There are four types of Transaction Groups, and they each handle data a little differently:
All Transaction Groups can execute at a set rate or on a schedule. A trigger can be used to determine when the group should record. You can use Ignition's expression language in the trigger to allow complex logic to determine when logging occurs, making precision execution easy.
Historical Groups quickly and easily store data from the plant floor into any kind of SQL database. Items from any or all devices can be included in the same group, just drag a few tags over and start the group running. Ignition will log the data until you tell it to stop.
Standard Groups are the most flexible group. They are capable of not only storing OPC values in the database, but can also write database values to OPC addresses or synchronize data changes between both the database and PLC. With this group you can create true realtime value tables in the database, and allow anything that can talk to the database to push values to a PLC. This is often used to create Recipe systems where the recipe values are stored in the database, and a user can select a recipe to write all your settings directly to Tags.

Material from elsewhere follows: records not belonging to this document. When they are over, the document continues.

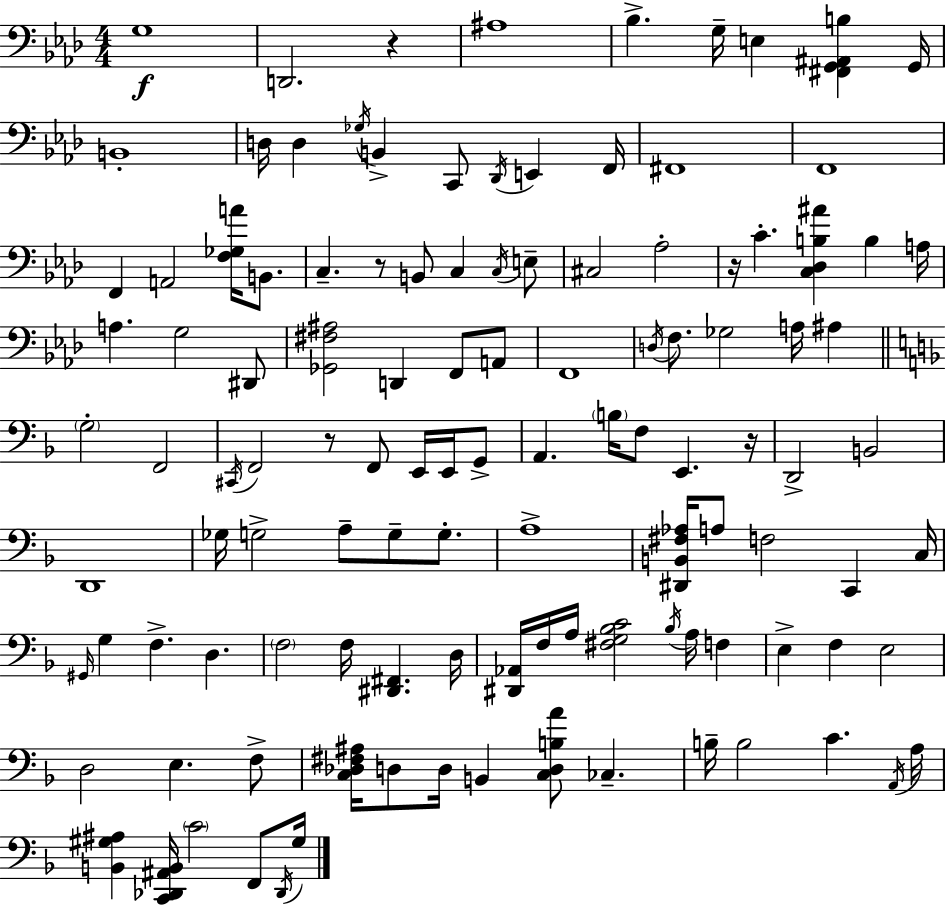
G3/w D2/h. R/q A#3/w Bb3/q. G3/s E3/q [F#2,G2,A#2,B3]/q G2/s B2/w D3/s D3/q Gb3/s B2/q C2/e Db2/s E2/q F2/s F#2/w F2/w F2/q A2/h [F3,Gb3,A4]/s B2/e. C3/q. R/e B2/e C3/q C3/s E3/e C#3/h Ab3/h R/s C4/q. [C3,Db3,B3,A#4]/q B3/q A3/s A3/q. G3/h D#2/e [Gb2,F#3,A#3]/h D2/q F2/e A2/e F2/w D3/s F3/e. Gb3/h A3/s A#3/q G3/h F2/h C#2/s F2/h R/e F2/e E2/s E2/s G2/e A2/q. B3/s F3/e E2/q. R/s D2/h B2/h D2/w Gb3/s G3/h A3/e G3/e G3/e. A3/w [D#2,B2,F#3,Ab3]/s A3/e F3/h C2/q C3/s G#2/s G3/q F3/q. D3/q. F3/h F3/s [D#2,F#2]/q. D3/s [D#2,Ab2]/s F3/s A3/s [F#3,G3,Bb3,C4]/h Bb3/s A3/s F3/q E3/q F3/q E3/h D3/h E3/q. F3/e [C3,Db3,F#3,A#3]/s D3/e D3/s B2/q [C3,D3,B3,A4]/e CES3/q. B3/s B3/h C4/q. A2/s A3/s [B2,G#3,A#3]/q [C2,Db2,A#2,B2]/s C4/h F2/e Db2/s G#3/s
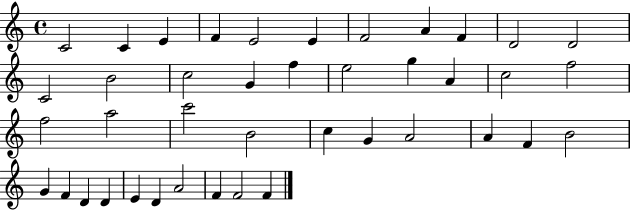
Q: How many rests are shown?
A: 0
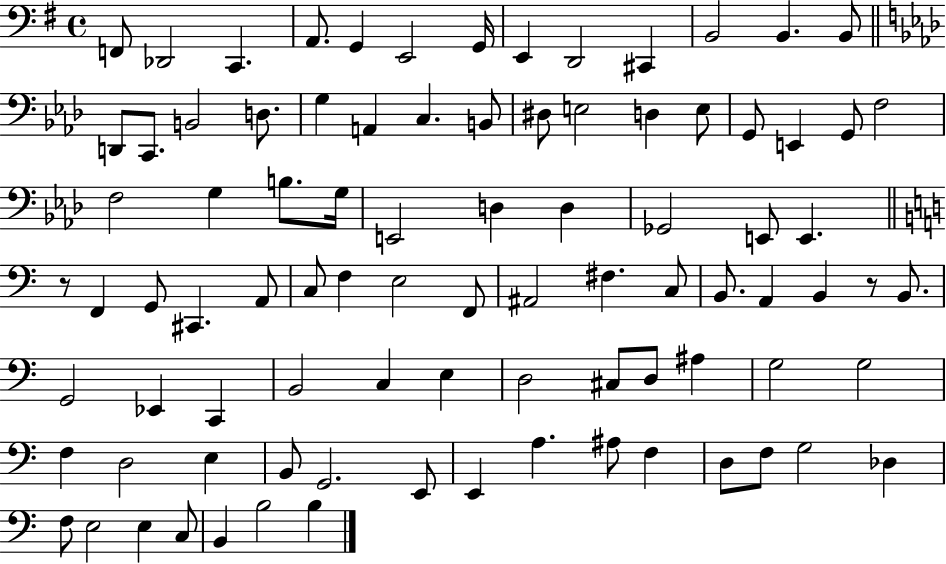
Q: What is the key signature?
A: G major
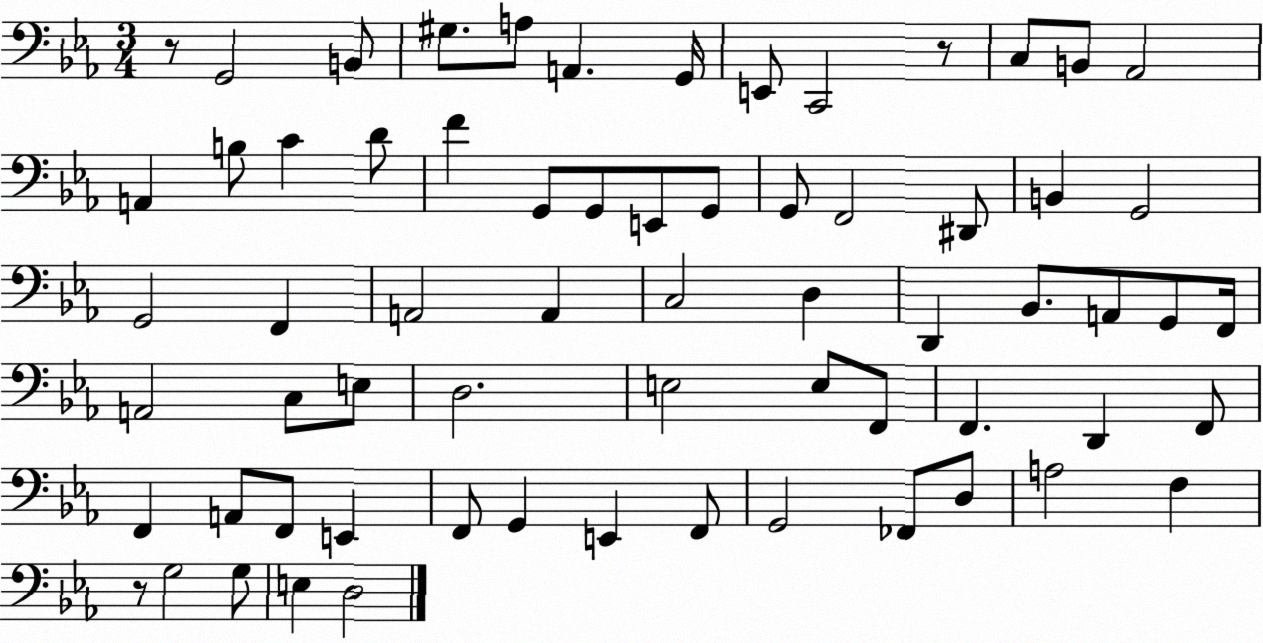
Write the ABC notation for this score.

X:1
T:Untitled
M:3/4
L:1/4
K:Eb
z/2 G,,2 B,,/2 ^G,/2 A,/2 A,, G,,/4 E,,/2 C,,2 z/2 C,/2 B,,/2 _A,,2 A,, B,/2 C D/2 F G,,/2 G,,/2 E,,/2 G,,/2 G,,/2 F,,2 ^D,,/2 B,, G,,2 G,,2 F,, A,,2 A,, C,2 D, D,, _B,,/2 A,,/2 G,,/2 F,,/4 A,,2 C,/2 E,/2 D,2 E,2 E,/2 F,,/2 F,, D,, F,,/2 F,, A,,/2 F,,/2 E,, F,,/2 G,, E,, F,,/2 G,,2 _F,,/2 D,/2 A,2 F, z/2 G,2 G,/2 E, D,2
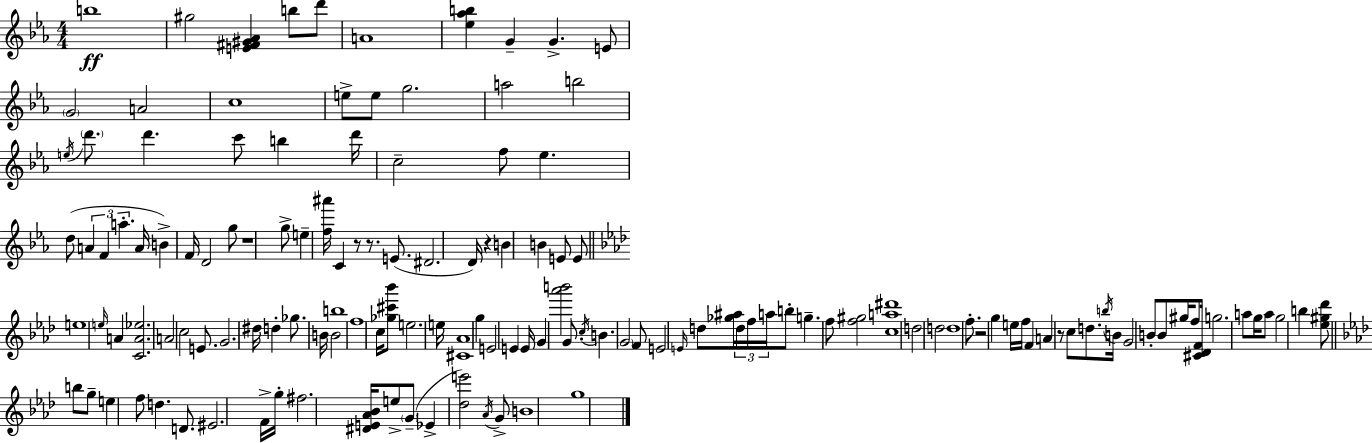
X:1
T:Untitled
M:4/4
L:1/4
K:Eb
b4 ^g2 [E^F^G_A] b/2 d'/2 A4 [_e_ab] G G E/2 G2 A2 c4 e/2 e/2 g2 a2 b2 e/4 d'/2 d' c'/2 b d'/4 c2 f/2 _e d/2 A F a A/4 B F/4 D2 g/2 z4 g/2 e [f^a']/4 C z/2 z/2 E/2 ^D2 D/4 z B B E/2 E/2 e4 e/4 A [CA_e]2 A2 c2 E/2 G2 ^d/4 d _g/2 B/4 B2 b4 f4 c/4 [_g^c'_b']/2 e2 e/4 [^C_A]4 g E2 E E/4 G [_a'b']2 G/2 c/4 B G2 F/2 E2 E/4 d/2 [_g^a]/4 d/4 f/4 a/4 b/2 g f/2 [f^g]2 [ca^d']4 d2 d2 d4 f/2 z2 g e/4 f/4 F A z/2 c/2 d/2 b/4 B/4 G2 B/2 B/2 ^g/4 f/2 [^C_DF]/4 g2 a/2 g/4 a/2 g2 b [_e^g_d']/2 b/2 g/2 e f/2 d D/2 ^E2 F/4 g/4 ^f2 [^DE_A_B]/4 e/2 G/2 _E [_de']2 _A/4 G/2 B4 g4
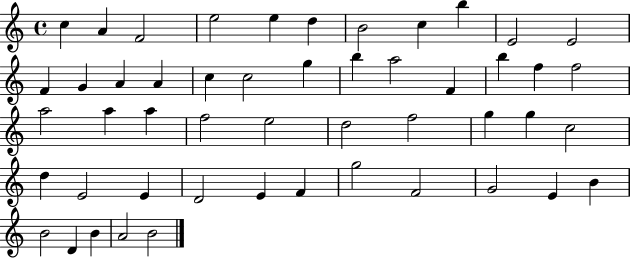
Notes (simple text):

C5/q A4/q F4/h E5/h E5/q D5/q B4/h C5/q B5/q E4/h E4/h F4/q G4/q A4/q A4/q C5/q C5/h G5/q B5/q A5/h F4/q B5/q F5/q F5/h A5/h A5/q A5/q F5/h E5/h D5/h F5/h G5/q G5/q C5/h D5/q E4/h E4/q D4/h E4/q F4/q G5/h F4/h G4/h E4/q B4/q B4/h D4/q B4/q A4/h B4/h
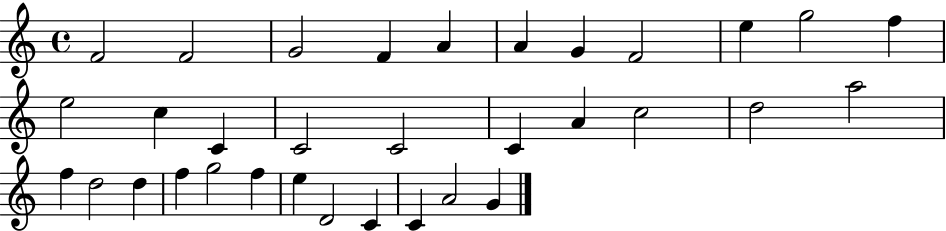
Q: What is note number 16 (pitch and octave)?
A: C4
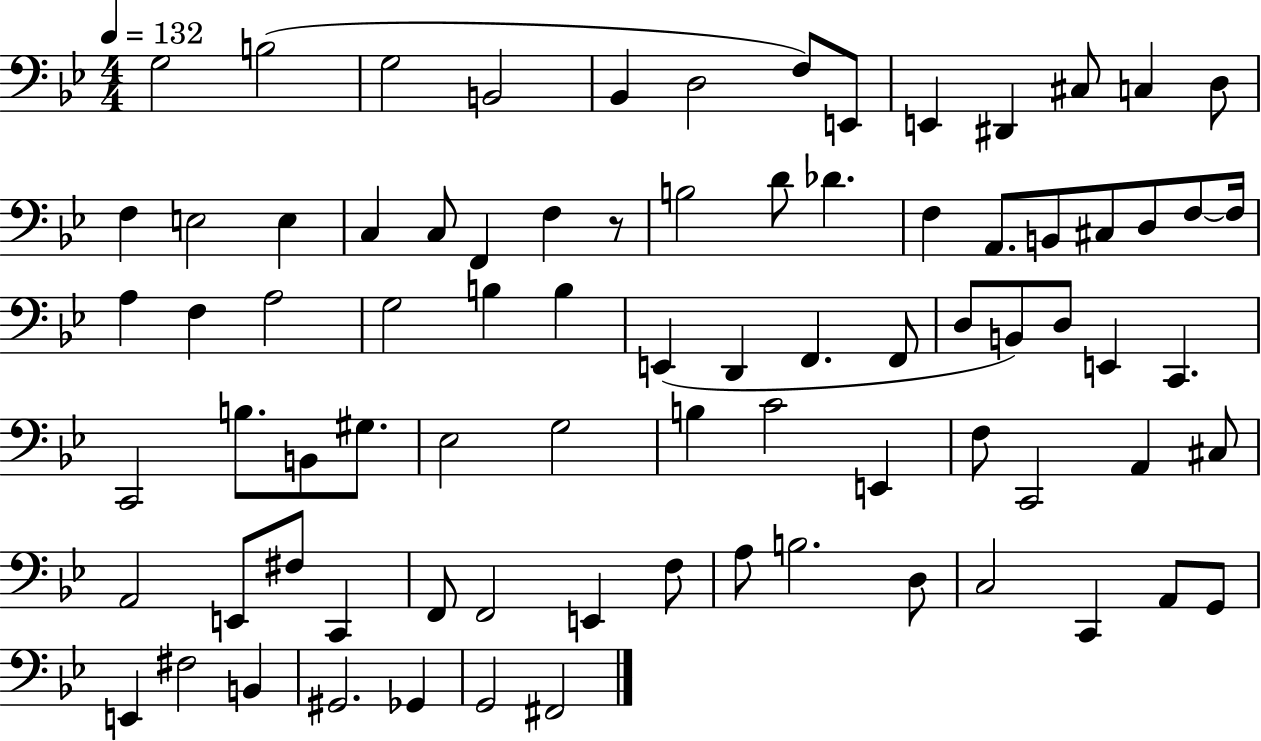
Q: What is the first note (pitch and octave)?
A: G3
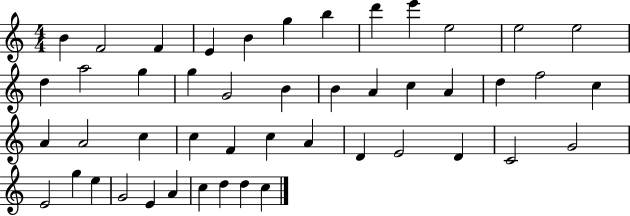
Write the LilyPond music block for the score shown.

{
  \clef treble
  \numericTimeSignature
  \time 4/4
  \key c \major
  b'4 f'2 f'4 | e'4 b'4 g''4 b''4 | d'''4 e'''4 e''2 | e''2 e''2 | \break d''4 a''2 g''4 | g''4 g'2 b'4 | b'4 a'4 c''4 a'4 | d''4 f''2 c''4 | \break a'4 a'2 c''4 | c''4 f'4 c''4 a'4 | d'4 e'2 d'4 | c'2 g'2 | \break e'2 g''4 e''4 | g'2 e'4 a'4 | c''4 d''4 d''4 c''4 | \bar "|."
}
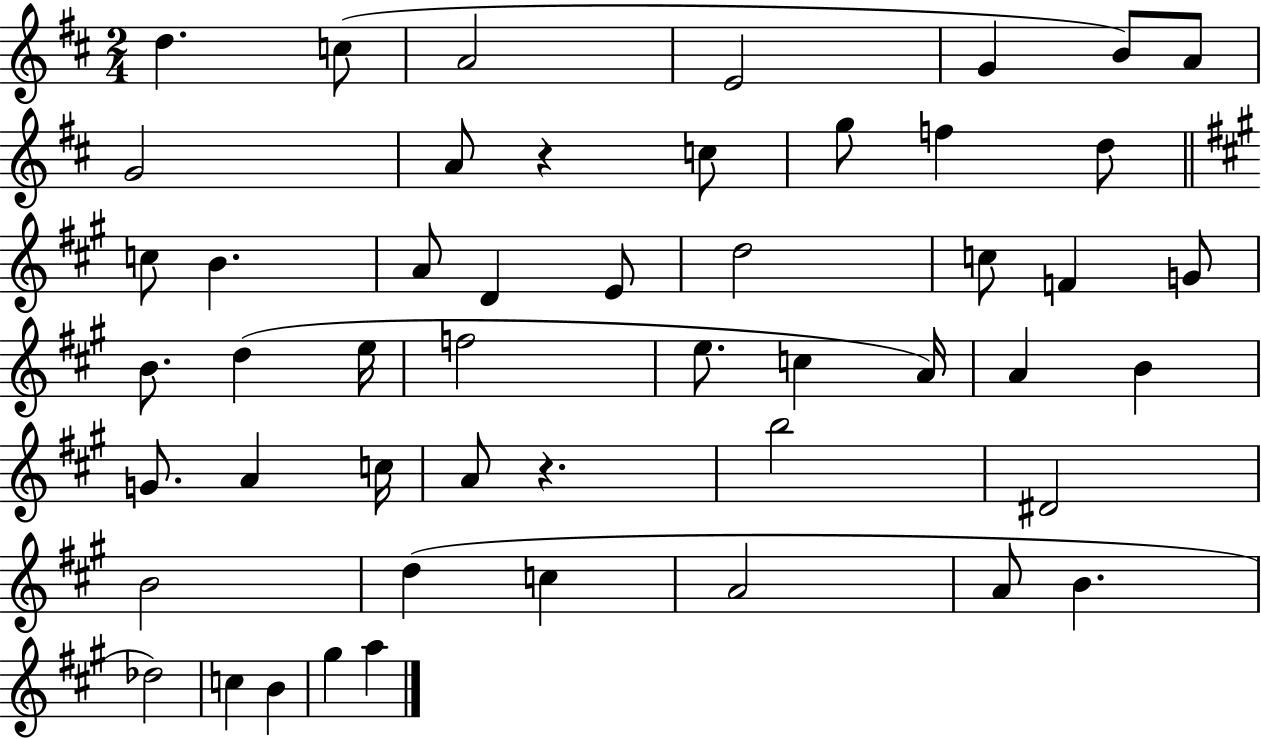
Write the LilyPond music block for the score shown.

{
  \clef treble
  \numericTimeSignature
  \time 2/4
  \key d \major
  d''4. c''8( | a'2 | e'2 | g'4 b'8) a'8 | \break g'2 | a'8 r4 c''8 | g''8 f''4 d''8 | \bar "||" \break \key a \major c''8 b'4. | a'8 d'4 e'8 | d''2 | c''8 f'4 g'8 | \break b'8. d''4( e''16 | f''2 | e''8. c''4 a'16) | a'4 b'4 | \break g'8. a'4 c''16 | a'8 r4. | b''2 | dis'2 | \break b'2 | d''4( c''4 | a'2 | a'8 b'4. | \break des''2) | c''4 b'4 | gis''4 a''4 | \bar "|."
}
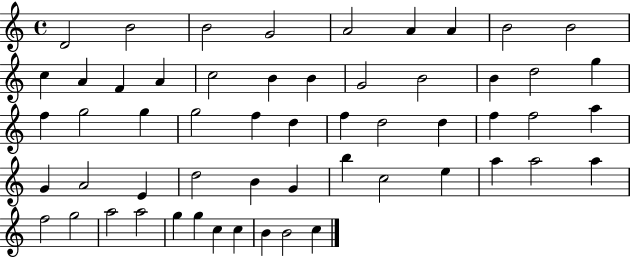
D4/h B4/h B4/h G4/h A4/h A4/q A4/q B4/h B4/h C5/q A4/q F4/q A4/q C5/h B4/q B4/q G4/h B4/h B4/q D5/h G5/q F5/q G5/h G5/q G5/h F5/q D5/q F5/q D5/h D5/q F5/q F5/h A5/q G4/q A4/h E4/q D5/h B4/q G4/q B5/q C5/h E5/q A5/q A5/h A5/q F5/h G5/h A5/h A5/h G5/q G5/q C5/q C5/q B4/q B4/h C5/q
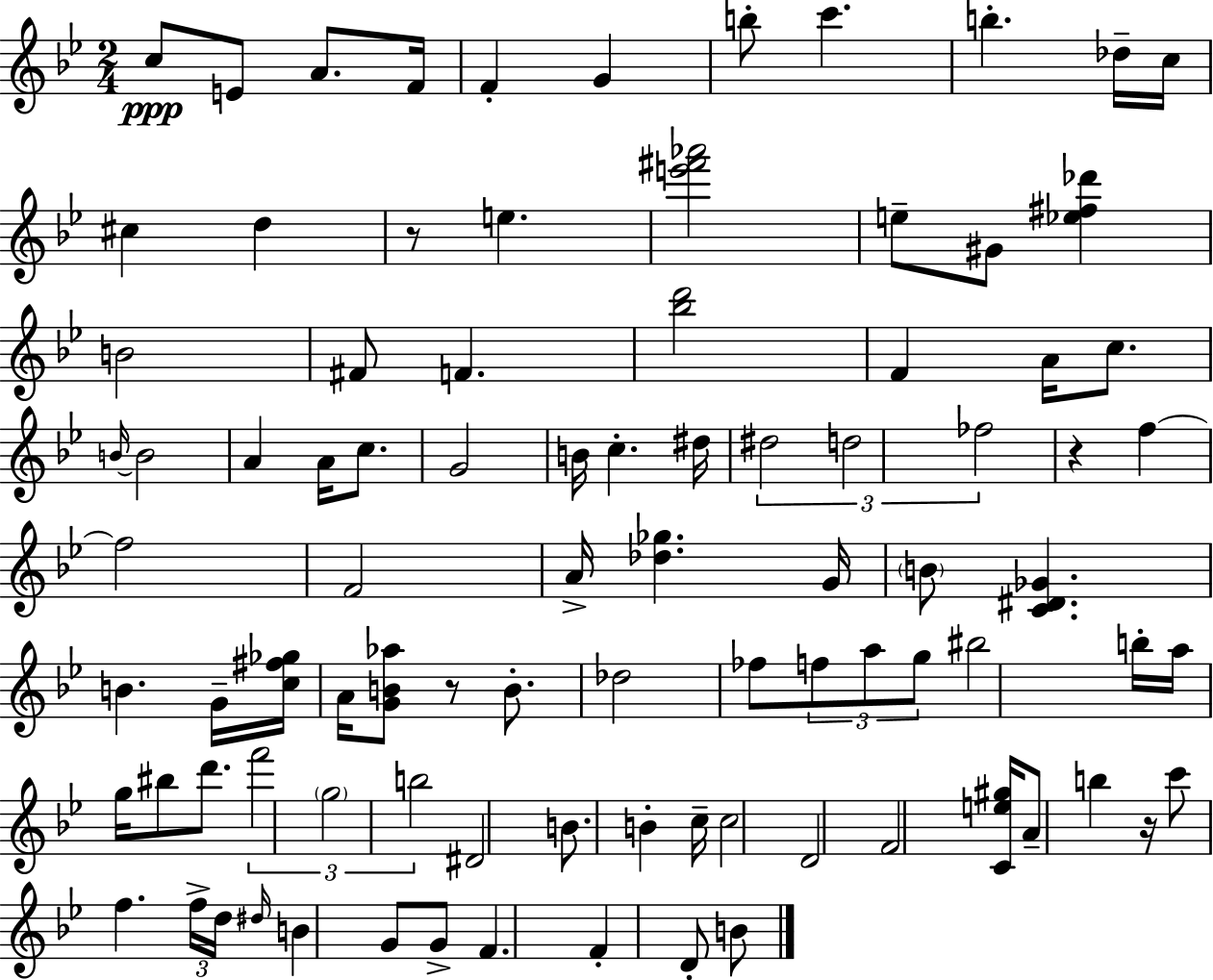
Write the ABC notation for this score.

X:1
T:Untitled
M:2/4
L:1/4
K:Bb
c/2 E/2 A/2 F/4 F G b/2 c' b _d/4 c/4 ^c d z/2 e [e'^f'_a']2 e/2 ^G/2 [_e^f_d'] B2 ^F/2 F [_bd']2 F A/4 c/2 B/4 B2 A A/4 c/2 G2 B/4 c ^d/4 ^d2 d2 _f2 z f f2 F2 A/4 [_d_g] G/4 B/2 [C^D_G] B G/4 [c^f_g]/4 A/4 [GB_a]/2 z/2 B/2 _d2 _f/2 f/2 a/2 g/2 ^b2 b/4 a/4 g/4 ^b/2 d'/2 f'2 g2 b2 ^D2 B/2 B c/4 c2 D2 F2 [Ce^g]/4 A/2 b z/4 c'/2 f f/4 d/4 ^d/4 B G/2 G/2 F F D/2 B/2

Changing recipes is as easy as changing a tag value or selecting a name.
Transfer large amounts of data very efficiently with the Block Group. This groups allows you to send whole arrays of data to and from the database. It works just like the Standard group, but on a much larger scale.
The Stored Procedure Group allows you to use PLC data as inputs and outputs for your existing Stored Procedures. With the Stored Procedure Group, your IT department can have control over how data is entered and returned from the database.
In Distributed systems, PLCs can be spread out over great distances to remote sites. Collecting and centralizing data from each can be difficult and time consuming. To combat this problem, Transaction Groups are used as the cornerstone of our Hub and Spoke architecture. Historical Groups can be applied locally to each PLC for a minimal cost, and forward all data into a single, central, database.